Only the lines from the line containing "Slide: The Image" through the final line of the entries should be printed, exactly as given, with the pictures left out.

[[ SOURCE DATA, beginning ]]

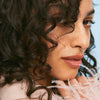 Eine Frau mit lockigem Haar und natürlichem Make-up blickt zur Seite und präsentiert Ergebnis des Coils & Curls Weightless Curl Definer von Maria Nila.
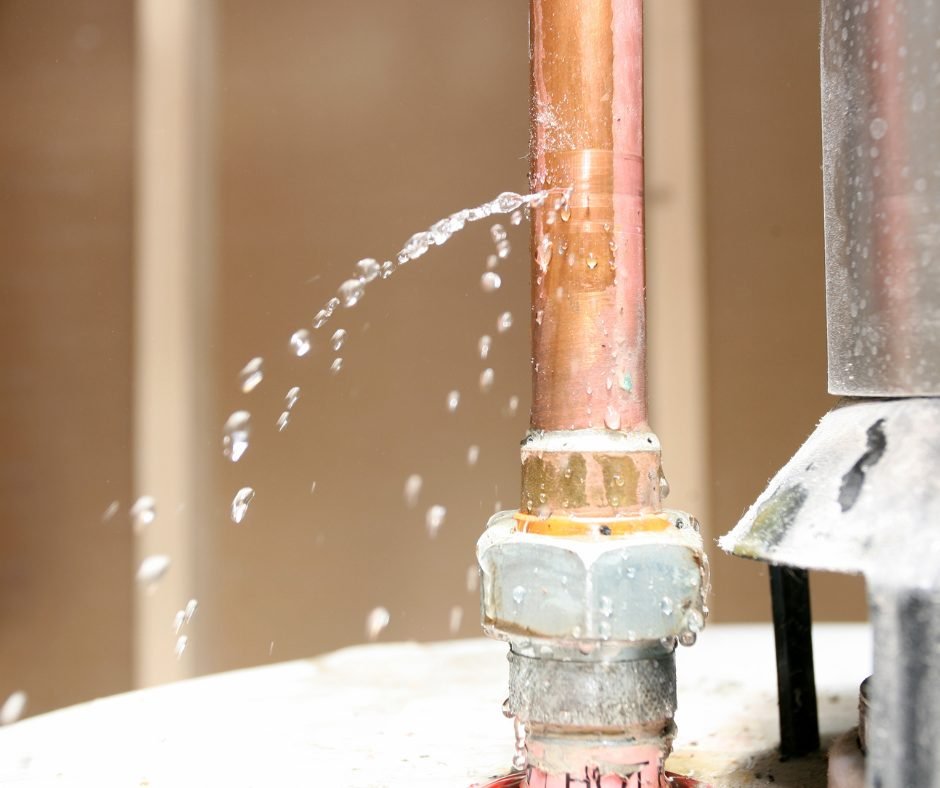 Plumber repairing a leaking water line in Fresno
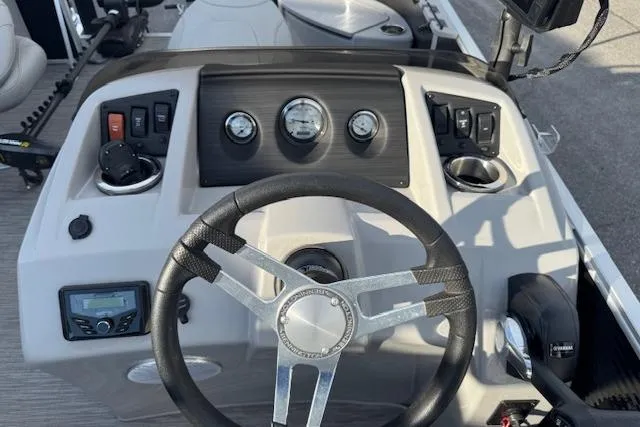 Slide: The Image of 2022 Bennington S 18 Fishing boat dashboard with steering wheel and control panel. - 13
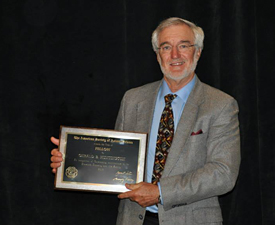 Huntington holding award.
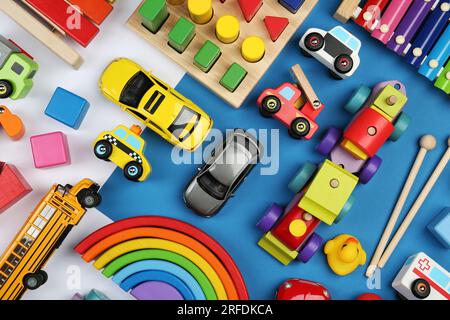 Different children's toys on color background, flat lay Stock Photo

[[ SOURCE DATA, end ]]

- [RESPONSE]
 Slide: The Image of 2022 Bennington S 18 Fishing boat dashboard with steering wheel and control panel. - 13
 Huntington holding award.
 Different children's toys on color background, flat lay Stock Photo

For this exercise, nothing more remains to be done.